The problem:
One part of the entries below is wanted: the lines from the one containing "Colorful Barrels Ready" through the one containing "MOUNTAIN WAREHOUSE Girls". Write those out exactly and nothing else.

Materials provided:
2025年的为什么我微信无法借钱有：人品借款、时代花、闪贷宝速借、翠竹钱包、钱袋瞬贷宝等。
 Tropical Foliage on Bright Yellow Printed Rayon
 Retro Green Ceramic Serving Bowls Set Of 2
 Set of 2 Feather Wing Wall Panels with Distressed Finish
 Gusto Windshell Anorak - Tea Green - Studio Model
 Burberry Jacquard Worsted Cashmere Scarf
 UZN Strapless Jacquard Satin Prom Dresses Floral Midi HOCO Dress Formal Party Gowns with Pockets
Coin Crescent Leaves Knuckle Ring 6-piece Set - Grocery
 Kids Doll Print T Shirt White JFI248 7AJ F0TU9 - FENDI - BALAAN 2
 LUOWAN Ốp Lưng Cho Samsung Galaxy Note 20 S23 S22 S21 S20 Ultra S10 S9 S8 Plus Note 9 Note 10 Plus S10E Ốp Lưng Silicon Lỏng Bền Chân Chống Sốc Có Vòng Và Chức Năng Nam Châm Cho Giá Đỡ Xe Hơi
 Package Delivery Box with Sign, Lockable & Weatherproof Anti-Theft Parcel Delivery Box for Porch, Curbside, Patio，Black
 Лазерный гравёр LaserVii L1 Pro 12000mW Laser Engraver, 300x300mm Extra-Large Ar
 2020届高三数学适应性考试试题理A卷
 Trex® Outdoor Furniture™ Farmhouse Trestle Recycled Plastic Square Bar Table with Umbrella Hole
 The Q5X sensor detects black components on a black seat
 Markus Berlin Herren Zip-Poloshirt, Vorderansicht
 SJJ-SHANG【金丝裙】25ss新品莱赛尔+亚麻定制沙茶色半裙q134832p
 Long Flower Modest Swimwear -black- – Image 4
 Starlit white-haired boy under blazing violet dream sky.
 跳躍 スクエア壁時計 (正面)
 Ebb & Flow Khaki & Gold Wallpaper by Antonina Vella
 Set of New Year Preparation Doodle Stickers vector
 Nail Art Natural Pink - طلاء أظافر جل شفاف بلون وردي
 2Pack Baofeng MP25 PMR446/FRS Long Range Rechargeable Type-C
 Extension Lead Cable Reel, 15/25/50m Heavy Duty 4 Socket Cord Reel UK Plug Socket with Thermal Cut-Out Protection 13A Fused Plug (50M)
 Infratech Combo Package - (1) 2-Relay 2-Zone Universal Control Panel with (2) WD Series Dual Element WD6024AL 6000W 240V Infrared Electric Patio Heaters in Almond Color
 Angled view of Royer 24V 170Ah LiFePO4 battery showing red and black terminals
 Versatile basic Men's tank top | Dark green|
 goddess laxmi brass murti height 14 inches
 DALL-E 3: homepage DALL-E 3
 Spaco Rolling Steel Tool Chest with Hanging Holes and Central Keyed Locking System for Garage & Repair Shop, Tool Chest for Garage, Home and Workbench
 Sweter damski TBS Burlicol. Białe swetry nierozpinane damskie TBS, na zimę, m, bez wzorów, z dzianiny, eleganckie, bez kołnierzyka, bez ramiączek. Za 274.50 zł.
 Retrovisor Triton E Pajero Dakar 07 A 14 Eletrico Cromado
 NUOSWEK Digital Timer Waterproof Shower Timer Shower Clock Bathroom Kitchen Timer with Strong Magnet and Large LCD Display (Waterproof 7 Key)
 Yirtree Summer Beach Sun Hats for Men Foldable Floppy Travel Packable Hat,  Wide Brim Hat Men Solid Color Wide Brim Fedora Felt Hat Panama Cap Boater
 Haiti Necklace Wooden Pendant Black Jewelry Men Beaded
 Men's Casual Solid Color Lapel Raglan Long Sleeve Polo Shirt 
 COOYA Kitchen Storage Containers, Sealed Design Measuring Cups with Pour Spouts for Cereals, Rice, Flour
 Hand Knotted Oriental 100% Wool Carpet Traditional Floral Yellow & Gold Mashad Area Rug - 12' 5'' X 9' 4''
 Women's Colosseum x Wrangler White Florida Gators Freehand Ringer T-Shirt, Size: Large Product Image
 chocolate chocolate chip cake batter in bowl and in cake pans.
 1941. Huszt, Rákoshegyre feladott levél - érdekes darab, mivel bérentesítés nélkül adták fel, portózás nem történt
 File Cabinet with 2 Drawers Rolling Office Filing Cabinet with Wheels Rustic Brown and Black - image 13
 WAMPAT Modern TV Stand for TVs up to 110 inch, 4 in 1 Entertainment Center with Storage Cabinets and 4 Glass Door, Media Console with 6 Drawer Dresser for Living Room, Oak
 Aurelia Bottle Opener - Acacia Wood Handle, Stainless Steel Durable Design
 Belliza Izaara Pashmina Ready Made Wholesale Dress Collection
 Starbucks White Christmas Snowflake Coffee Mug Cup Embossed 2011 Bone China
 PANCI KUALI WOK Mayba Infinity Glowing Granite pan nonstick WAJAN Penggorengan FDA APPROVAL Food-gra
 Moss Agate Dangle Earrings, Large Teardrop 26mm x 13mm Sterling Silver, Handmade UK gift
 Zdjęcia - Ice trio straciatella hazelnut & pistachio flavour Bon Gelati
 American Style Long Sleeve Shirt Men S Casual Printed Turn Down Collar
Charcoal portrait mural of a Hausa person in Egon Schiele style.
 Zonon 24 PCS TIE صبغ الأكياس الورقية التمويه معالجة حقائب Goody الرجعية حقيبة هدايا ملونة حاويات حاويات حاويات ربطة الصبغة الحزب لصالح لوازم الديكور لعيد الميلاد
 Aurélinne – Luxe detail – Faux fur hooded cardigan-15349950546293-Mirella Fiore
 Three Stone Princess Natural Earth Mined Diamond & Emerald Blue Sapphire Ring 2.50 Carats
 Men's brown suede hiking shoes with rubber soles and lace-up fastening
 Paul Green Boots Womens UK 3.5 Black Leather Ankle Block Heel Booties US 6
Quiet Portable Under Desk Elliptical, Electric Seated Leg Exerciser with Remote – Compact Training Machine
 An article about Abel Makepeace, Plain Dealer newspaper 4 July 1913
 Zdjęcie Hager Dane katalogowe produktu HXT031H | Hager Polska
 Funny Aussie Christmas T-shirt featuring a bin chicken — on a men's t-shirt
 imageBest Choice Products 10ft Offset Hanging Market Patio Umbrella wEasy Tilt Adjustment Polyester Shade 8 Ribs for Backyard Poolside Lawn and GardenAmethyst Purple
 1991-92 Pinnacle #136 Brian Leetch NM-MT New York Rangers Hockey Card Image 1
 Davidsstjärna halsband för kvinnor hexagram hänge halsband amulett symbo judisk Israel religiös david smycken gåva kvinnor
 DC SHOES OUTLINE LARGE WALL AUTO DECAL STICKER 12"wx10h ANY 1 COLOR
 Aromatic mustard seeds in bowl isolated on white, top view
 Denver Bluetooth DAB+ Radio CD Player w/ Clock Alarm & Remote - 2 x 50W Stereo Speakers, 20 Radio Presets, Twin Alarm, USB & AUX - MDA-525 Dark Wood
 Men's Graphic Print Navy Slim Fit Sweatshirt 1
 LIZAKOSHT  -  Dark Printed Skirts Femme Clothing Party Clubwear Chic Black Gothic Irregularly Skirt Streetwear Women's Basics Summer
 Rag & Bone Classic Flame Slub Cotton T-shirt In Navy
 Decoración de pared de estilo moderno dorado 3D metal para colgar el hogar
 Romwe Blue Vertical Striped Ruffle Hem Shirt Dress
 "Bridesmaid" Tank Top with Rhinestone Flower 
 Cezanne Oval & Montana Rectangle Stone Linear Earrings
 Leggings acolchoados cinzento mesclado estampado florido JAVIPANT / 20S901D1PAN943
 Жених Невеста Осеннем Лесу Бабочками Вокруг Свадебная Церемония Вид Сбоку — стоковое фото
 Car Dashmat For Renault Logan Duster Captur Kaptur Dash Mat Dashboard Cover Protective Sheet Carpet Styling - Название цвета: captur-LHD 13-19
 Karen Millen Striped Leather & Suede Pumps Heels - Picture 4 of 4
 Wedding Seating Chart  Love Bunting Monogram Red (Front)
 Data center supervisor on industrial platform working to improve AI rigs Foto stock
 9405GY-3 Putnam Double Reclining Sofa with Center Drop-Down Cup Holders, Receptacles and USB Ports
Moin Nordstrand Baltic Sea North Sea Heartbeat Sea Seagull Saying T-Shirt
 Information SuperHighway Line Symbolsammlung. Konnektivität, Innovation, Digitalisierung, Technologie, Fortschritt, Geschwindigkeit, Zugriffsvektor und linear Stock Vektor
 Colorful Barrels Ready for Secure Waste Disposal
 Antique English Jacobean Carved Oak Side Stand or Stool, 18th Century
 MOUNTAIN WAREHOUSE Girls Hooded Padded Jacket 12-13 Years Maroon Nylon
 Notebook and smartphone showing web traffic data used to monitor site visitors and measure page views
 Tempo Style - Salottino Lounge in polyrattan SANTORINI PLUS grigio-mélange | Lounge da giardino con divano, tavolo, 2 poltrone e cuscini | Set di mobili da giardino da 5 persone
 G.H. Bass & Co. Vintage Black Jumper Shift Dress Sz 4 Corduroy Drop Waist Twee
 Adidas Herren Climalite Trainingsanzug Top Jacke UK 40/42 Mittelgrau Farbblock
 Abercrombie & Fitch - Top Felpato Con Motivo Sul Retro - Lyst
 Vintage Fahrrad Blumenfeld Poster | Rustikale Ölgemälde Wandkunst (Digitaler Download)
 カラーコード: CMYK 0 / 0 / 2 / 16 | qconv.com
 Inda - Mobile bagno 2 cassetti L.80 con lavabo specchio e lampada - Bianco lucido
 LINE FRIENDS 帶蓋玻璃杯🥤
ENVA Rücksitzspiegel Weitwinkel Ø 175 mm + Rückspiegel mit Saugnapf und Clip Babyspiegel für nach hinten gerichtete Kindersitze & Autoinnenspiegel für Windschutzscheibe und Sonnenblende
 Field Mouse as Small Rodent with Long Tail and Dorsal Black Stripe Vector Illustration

Answer box:
 Colorful Barrels Ready for Secure Waste Disposal
 Antique English Jacobean Carved Oak Side Stand or Stool, 18th Century
 MOUNTAIN WAREHOUSE Girls Hooded Padded Jacket 12-13 Years Maroon Nylon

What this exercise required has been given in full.